It happened quite by accident really. I was flipping through the channels, looking for something to watch on TV, when I stumbled upon bull riding.
Thinking it might be a rodeo, I decided to watch a bit of it. I was hoping they’d show barrel racing. That had always been my favorite at the annual rodeos I attended as a teenager at the local fairgrounds (in Dayton, Ohio).
I’d never seen the attraction to bull riding. It has no function other than sport. The bull is bred strictly for the event. It is not a dairy bull, nor a beef bull, only a bucking bull. I find it an arrogant sport at that--the epitome of “small man syndrome” (and by this I refer to smallness of ego, not stature).

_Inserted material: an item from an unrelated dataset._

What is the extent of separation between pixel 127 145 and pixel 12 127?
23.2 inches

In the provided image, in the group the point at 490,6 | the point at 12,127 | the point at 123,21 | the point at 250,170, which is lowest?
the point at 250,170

The bull is put into a “chute” so he can’t move--it’s the only way to get on his back. A rope is tied around his groin to ensure his annoyance, and a spur-sporting cowboy climbs onto his back. Said bull is then released into the arena, twisting and bucking, trying to throw the cowboy off his back before the eight second buzzer signals a successful “ride.” Who thought of this?!
I envision a bunch of rowdies sittin’ ‘round the campfire drinking grog, when one of ‘em says, “Hey! Let’s make a bull mad and try to ride him!”
You’d think that the first broken rib, or dislocated shoulder--not to mention hitting the hard ground upon “dismount”--would have put an end to this idea, but no-o-o! They just tied themselves on tighter and had at it.
It’s now a Ford sponsored, Las Vegas-big, event. And so, disappointed, I reached for the remote.
But then it happened. The camera zoomed into the chute, where the next cowboy was boarding a bull named Chili Pepper. He was a white bull “peppered” with red spots. “Aptly named,” I thought.
Then the camera caught his eyes. A chill went through me--the kind of chill that goes through me when they show Charlie Manson on TV--the chill of confronting sheer madness. I froze.
Well, they opened the chute and that bull exploded in a fury of bucking and twisting like I’ve never seen. The cowboy was thrown so fast, he might as well have just stayed in the chute--and that part of me that appreciates poetic justice cheered.
I spent the rest of the summer watching PBR bull riding--not for the eight second ride, mind you, but for when the cowboy loses his rope, or his balance, lands in the dirt, and the bull wins. It’s especially exciting when the bull wheels around and chases the limping would-be rider out of the ring. Sometimes it gets serious and the “clowns” (now called bullfighters) have to step in, distracting the bull so the guy can get away.
Do I have any sympathy for the participants in this sport? Who suffer the broken bones and torn muscles, the sprains and dislocated joints? Who risk getting stomped on and gored by maddened animals? Nope. Anyone fool enough to attempt riding a ticked-off, two thousand pound creature reaps what he sows. I have no sympathy--I root for the bulls!